Ide cemerlang Sultanah untuk mengangkat perempuan-perempuan ini adalah sebuah kemajuan yang luar biasa pada zamannya. Walau pengganti-penggantinya tidak berhasil melampaui kepemimpinan Sultanah, namun ini bisa menjadi gambaran bahwa betapa perempuan menjadi pemimpin bukanlah hal aneh dan sangat mungkin. Kelebihan perempuan yang terletak pada ketegasan sekaligus kelembutannya adalah karakter pemimpin yang sulit ditandingi.

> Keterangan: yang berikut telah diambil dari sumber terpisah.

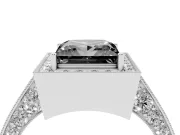 Princess Cut Vintage Milgrain Halo Engagement Ring Setting for a Black Center | Side Stones and Pavé | Sterling Silver
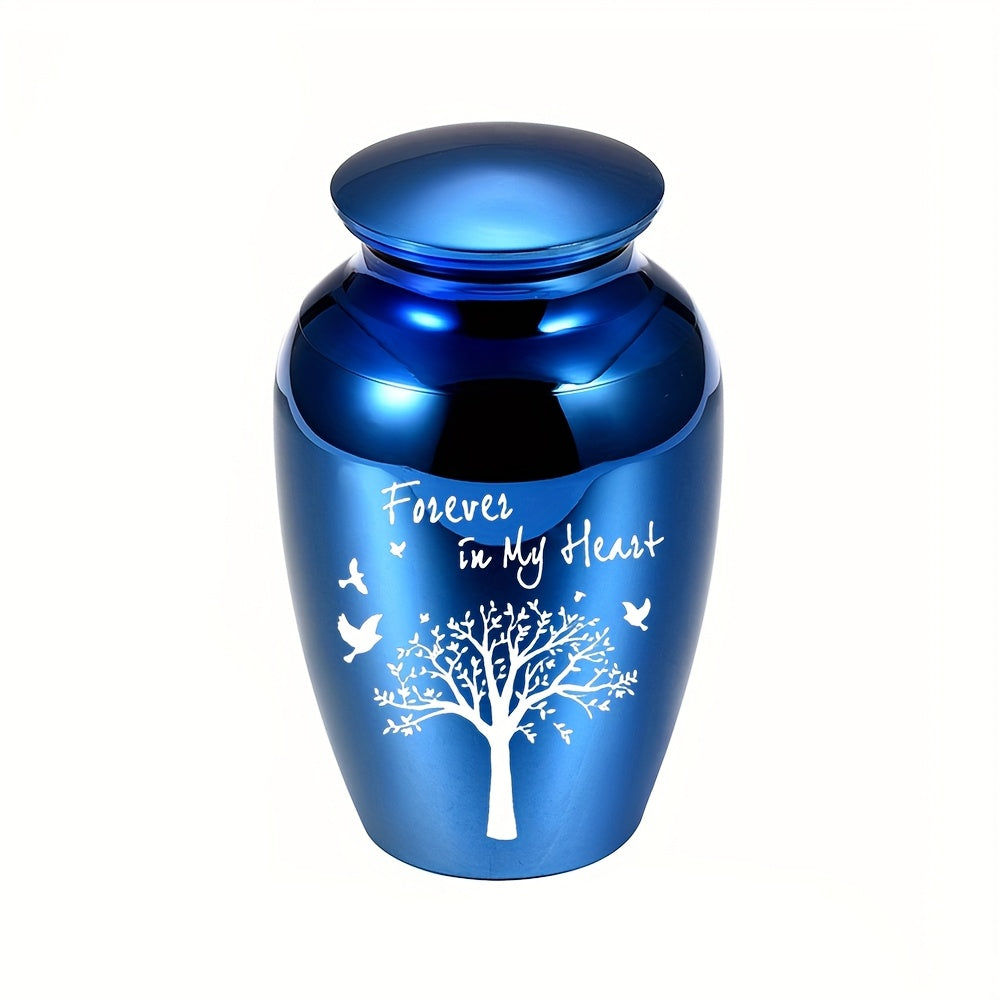 Customizable Mini Cremation Urn for Human and Pet Ashes - Tree of Life Aluminum Alloy Small Keepsake Urn, Personalized Memorial Ashes Container Forever in My Heart, Multiple Lid Colors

Keberhasilan perempuan di banyak era sejarah sangatlah patut untuk diapresiasi. Begitu banyak perempuan hebat di masa lalu, namun perannya seringkali 'disunat'. Generasi muda seringkali mendapat penggambaran yang salah tentang perempuan dalam sejarah. Perempuan yang memiliki ambisi besar dianggap tidak bermoral, dan perempuan yang begerak untuk kaumnya dianggap tidak berahlak. Contoh terbesar yang dapat kita lihat dalam sejarah kelam kelompok Gerwani (Gerakan Perempuan Indonesia). Karena kekuatan politiknya yang sangat besar, mereka difitnah, lalu disiksa, dan terlebih lagi digelapkan sejarahnya hingga dianggap sebagai pemberontak tak bermoral.

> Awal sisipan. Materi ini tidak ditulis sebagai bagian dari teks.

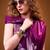 Purple color satin silk fabric designer floral printed ceremonial saree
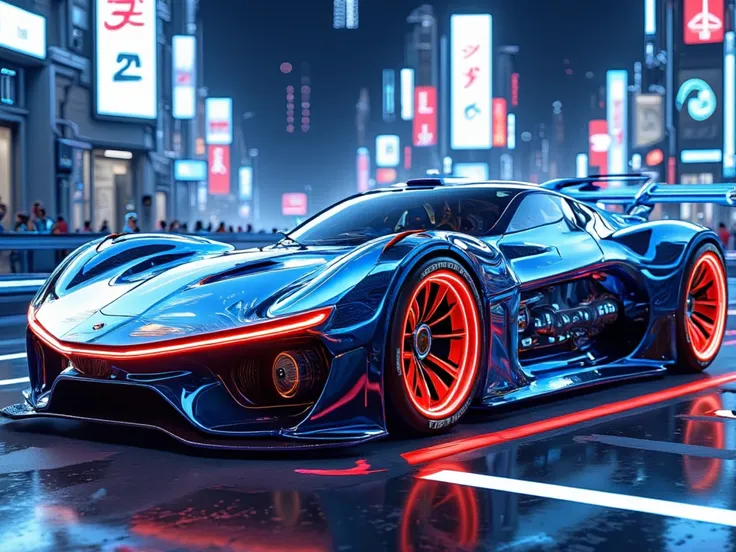 cyberpunk、masterpiece、 anatomically correct on white grass、 top quality 、 high detail、Neon Buildings、 Fairlady Zs30 、Blue Devils Z 、 Custom 、 Wide Wheels 、Lowdown 、 detailed blister fenders、 Full Smoke 、 side angle、Right beside、Full car view 、The number is...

Pola pikir ini yang harus diubah. Karena kita tentu tak ingin anak-cucu kita mendapatkan pemahaman yang salah tentang sejarah. Tentu kita ingin anak-anak perempuan kita dapat mencontoh kegigihan Cut Nyak Dien dan kecakapan seorang Sultanah Safiatuddin Syah sebagai pemimpin. Hanya sejarah yang dapat membuat kita memahami dan mempelajari semua. Karena kenyataanya, apa yang terjadi di masa ini adalah hanya pengulangan dari masa lalu. Semoga ke depannya, sejarah Sultanah Safiatuddin yang dirasa penulis sangat terbatas, dapat digali lebih dalam agar hal-hal baik di dalamnya tentu dapat menjadi pelajaran yang baik juga bagi bangsa ini di masa depan.